**WHAT TO DO**
Where does the string "year" occur in the entries below? Copy every line where it does.

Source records
——
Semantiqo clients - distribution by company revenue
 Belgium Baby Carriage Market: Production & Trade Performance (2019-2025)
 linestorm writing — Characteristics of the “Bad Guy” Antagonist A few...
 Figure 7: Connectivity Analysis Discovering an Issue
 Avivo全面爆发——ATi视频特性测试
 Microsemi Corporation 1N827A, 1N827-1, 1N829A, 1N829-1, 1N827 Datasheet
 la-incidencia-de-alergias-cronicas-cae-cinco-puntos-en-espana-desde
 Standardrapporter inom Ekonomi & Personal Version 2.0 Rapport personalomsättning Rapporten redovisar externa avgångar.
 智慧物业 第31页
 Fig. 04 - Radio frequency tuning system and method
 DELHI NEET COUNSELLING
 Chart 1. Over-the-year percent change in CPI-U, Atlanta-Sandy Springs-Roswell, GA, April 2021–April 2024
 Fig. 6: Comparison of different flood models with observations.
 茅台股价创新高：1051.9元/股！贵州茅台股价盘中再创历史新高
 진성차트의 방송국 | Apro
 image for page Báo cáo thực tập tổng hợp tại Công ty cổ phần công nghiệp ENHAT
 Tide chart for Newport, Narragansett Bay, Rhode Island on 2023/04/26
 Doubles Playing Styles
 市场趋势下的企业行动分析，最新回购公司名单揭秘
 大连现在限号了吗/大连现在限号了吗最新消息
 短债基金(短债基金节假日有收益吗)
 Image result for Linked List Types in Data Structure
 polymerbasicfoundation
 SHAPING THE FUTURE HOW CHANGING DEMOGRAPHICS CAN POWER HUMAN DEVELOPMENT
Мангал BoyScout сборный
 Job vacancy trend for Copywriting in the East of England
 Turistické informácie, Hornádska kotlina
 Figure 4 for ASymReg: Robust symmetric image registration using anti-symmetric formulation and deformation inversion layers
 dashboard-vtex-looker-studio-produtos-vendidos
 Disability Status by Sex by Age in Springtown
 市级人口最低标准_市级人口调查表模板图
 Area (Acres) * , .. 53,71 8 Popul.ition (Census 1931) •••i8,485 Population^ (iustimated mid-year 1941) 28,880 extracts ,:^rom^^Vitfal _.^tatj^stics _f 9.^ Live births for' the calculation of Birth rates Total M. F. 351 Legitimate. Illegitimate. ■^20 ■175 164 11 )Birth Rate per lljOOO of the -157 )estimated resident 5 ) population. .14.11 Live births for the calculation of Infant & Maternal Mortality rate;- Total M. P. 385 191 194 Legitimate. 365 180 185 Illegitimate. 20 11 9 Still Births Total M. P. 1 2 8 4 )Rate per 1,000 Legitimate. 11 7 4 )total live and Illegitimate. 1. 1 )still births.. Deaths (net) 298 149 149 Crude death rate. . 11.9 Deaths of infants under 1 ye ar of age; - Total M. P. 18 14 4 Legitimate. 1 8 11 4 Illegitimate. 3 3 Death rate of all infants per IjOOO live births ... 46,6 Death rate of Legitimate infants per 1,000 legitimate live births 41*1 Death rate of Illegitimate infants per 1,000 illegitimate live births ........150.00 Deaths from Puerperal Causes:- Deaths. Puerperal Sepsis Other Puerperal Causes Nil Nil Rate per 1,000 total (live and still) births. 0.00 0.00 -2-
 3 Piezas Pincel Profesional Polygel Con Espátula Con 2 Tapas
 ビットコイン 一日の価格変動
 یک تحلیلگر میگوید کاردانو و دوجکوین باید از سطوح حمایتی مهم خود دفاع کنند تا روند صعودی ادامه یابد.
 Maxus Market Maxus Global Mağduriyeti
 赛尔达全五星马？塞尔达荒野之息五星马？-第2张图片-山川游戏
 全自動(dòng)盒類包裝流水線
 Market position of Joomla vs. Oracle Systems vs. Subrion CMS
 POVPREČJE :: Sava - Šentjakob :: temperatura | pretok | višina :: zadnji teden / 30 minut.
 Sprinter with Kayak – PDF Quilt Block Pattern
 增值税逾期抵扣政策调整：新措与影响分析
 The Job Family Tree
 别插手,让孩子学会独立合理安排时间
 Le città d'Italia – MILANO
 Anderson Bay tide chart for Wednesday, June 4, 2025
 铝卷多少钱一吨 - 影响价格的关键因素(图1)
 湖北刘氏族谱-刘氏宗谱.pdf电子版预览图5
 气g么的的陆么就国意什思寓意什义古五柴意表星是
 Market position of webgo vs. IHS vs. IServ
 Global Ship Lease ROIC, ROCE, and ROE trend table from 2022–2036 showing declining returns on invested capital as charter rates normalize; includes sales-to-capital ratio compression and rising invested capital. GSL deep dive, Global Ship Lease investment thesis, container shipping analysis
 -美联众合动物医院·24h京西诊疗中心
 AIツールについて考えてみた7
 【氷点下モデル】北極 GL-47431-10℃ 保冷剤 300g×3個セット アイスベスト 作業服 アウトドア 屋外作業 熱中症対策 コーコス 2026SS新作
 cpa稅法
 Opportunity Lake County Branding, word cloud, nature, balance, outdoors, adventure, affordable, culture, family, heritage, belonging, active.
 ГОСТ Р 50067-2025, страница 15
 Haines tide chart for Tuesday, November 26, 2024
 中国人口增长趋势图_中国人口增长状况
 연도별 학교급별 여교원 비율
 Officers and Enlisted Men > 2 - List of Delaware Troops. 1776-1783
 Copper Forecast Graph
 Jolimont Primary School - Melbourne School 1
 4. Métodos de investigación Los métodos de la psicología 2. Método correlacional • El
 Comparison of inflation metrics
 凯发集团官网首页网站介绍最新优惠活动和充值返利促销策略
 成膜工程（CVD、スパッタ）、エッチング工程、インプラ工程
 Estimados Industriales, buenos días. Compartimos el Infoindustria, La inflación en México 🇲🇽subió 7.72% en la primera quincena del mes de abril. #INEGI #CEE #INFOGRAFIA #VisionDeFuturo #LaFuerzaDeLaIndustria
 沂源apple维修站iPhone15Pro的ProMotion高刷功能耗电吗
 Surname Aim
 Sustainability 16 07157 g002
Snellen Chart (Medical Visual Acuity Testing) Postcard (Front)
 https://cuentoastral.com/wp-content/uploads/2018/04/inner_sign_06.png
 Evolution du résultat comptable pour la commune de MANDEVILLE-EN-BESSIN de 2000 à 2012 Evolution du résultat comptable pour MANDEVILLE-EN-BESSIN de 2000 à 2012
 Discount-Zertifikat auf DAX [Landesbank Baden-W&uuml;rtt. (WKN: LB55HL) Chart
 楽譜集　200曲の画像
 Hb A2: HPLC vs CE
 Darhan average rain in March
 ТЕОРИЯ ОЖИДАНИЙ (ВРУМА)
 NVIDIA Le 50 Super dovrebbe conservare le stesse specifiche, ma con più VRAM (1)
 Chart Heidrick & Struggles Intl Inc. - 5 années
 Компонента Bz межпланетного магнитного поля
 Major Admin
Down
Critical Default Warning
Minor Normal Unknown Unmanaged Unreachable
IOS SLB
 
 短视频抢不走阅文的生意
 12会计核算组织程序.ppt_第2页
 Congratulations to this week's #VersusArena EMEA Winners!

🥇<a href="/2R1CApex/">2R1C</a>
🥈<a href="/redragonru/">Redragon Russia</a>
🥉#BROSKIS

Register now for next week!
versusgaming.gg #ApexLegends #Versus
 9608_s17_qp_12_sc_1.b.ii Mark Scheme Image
——
**COMPLETED EXERCISE**
 Chart 1. Over-the-year percent change in CPI-U, Atlanta-Sandy Springs-Roswell, GA, April 2021–April 2024
 Area (Acres) * , .. 53,71 8 Popul.ition (Census 1931) •••i8,485 Population^ (iustimated mid-year 1941) 28,880 extracts ,:^rom^^Vitfal _.^tatj^stics _f 9.^ Live births for' the calculation of Birth rates Total M. F. 351 Legitimate. Illegitimate. ■^20 ■175 164 11 )Birth Rate per lljOOO of the -157 )estimated resident 5 ) population. .14.11 Live births for the calculation of Infant & Maternal Mortality rate;- Total M. P. 385 191 194 Legitimate. 365 180 185 Illegitimate. 20 11 9 Still Births Total M. P. 1 2 8 4 )Rate per 1,000 Legitimate. 11 7 4 )total live and Illegitimate. 1. 1 )still births.. Deaths (net) 298 149 149 Crude death rate. . 11.9 Deaths of infants under 1 ye ar of age; - Total M. P. 18 14 4 Legitimate. 1 8 11 4 Illegitimate. 3 3 Death rate of all infants per IjOOO live births ... 46,6 Death rate of Legitimate infants per 1,000 legitimate live births 41*1 Death rate of Illegitimate infants per 1,000 illegitimate live births ........150.00 Deaths from Puerperal Causes:- Deaths. Puerperal Sepsis Other Puerperal Causes Nil Nil Rate per 1,000 total (live and still) births. 0.00 0.00 -2-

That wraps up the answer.